PixelUnshuffle¶
- class paddle.nn. PixelUnshuffle ( downscale_factor, data_format='NCHW', name=None ) [source]
-
Rearranges elements in a tensor of shape \([N, C, H, W]\) to a tensor of shape \([N, r^2C, H/r, W/r]\), or from shape \([N, H, W, C]\) to \([N, H/r, W/r, r^2C]\), where \(r\) is the downscale factor. This operation is the reversion of PixelShuffle operation. Please refer to the paper: Real-Time Single Image and Video Super-Resolution Using an Efficient Sub-Pixel Convolutional Neural Network . by Shi et. al (2016) for more details.
- Parameters
-
downscale_factor (int) – Factor to decrease spatial resolution.
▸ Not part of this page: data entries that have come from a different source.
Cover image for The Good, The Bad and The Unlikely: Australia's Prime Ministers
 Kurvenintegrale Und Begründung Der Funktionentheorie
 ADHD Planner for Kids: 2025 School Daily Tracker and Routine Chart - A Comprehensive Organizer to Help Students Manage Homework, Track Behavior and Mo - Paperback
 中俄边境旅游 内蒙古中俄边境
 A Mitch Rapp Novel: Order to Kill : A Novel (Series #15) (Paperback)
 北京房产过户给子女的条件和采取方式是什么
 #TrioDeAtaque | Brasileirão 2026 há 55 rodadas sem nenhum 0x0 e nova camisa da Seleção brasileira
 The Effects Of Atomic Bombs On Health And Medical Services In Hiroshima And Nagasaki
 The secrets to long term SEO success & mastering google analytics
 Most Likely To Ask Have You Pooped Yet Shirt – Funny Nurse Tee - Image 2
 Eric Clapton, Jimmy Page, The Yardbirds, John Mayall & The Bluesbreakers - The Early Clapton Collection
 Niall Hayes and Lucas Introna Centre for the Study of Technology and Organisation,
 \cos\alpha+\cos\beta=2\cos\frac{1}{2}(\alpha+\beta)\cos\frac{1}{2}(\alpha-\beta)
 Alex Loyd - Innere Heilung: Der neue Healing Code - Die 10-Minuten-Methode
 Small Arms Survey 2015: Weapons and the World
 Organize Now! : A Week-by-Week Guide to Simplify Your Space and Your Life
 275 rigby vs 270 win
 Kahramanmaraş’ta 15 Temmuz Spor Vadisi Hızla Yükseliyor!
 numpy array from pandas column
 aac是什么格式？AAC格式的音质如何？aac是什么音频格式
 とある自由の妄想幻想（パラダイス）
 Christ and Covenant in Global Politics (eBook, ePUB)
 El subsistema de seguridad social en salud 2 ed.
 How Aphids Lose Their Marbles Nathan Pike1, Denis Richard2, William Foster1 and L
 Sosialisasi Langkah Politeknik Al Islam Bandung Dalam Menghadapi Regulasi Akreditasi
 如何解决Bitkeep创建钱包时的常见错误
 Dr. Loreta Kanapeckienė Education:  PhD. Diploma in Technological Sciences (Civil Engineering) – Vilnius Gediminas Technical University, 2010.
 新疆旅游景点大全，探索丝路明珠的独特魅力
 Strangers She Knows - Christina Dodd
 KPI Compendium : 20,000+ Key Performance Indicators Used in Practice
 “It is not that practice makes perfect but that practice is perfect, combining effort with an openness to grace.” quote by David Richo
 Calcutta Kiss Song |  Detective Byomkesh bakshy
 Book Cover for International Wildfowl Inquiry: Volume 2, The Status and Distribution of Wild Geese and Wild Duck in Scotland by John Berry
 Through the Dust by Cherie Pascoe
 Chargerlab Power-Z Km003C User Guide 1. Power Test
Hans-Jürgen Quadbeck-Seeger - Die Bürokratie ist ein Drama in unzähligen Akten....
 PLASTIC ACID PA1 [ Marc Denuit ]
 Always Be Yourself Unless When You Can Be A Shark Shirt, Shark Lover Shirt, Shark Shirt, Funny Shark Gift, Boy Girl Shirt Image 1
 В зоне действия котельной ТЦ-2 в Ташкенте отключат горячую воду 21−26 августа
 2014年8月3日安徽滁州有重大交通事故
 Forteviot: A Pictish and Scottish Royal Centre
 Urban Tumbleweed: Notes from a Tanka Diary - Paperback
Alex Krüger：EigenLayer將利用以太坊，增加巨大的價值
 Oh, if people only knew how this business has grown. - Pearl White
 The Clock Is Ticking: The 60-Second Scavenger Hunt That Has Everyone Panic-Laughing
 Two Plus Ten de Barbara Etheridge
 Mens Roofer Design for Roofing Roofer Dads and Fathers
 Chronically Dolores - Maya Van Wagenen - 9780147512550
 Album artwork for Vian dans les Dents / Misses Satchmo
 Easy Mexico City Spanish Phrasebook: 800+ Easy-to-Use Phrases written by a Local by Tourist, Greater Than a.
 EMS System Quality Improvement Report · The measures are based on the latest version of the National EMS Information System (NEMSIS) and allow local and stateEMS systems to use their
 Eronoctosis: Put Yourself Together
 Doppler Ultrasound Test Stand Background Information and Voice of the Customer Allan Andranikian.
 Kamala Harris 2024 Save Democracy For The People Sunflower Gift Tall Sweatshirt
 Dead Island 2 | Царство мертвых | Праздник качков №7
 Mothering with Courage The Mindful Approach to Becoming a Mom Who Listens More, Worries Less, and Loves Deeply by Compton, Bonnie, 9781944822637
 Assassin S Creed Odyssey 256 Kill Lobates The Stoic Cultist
data_format (str, optional) – The data format of the input and output data. An optional string of
'NCHW'
or'NHWC'
. When it is'NCHW'
, the data is stored in the order of [batch_size, input_channels, input_height, input_width]. Default:'NCHW'
.name (str, optional) – Name for the operation (optional, default is None). Normally there is no need for user to set this property. For more information, please refer to Name.
- Shape:
-
x: 4-D tensor with shape of \([N, C, H, W]\) or \([N, C, H, W]\).
out: 4-D tensor with shape of \([N, r^2C, H/r, W/r]\) or \([N, H/r, W/r, r^2C]\), where \(r\) is
downscale_factor
.
Examples
>>> import paddle >>> import paddle.nn as nn >>> x = paddle.randn([2, 1, 12, 12]) >>> pixel_unshuffle = nn.PixelUnshuffle(3) >>> out = pixel_unshuffle(x) >>> print(out.shape) [2, 9, 4, 4]
-
forward
(
x
)
forward¶
-
Defines the computation performed at every call. Should be overridden by all subclasses.
- Parameters
-
*inputs (tuple) – unpacked tuple arguments
**kwargs (dict) – unpacked dict arguments
-
extra_repr
(
)
extra_repr¶
-
Extra representation of this layer, you can have custom implementation of your own layer.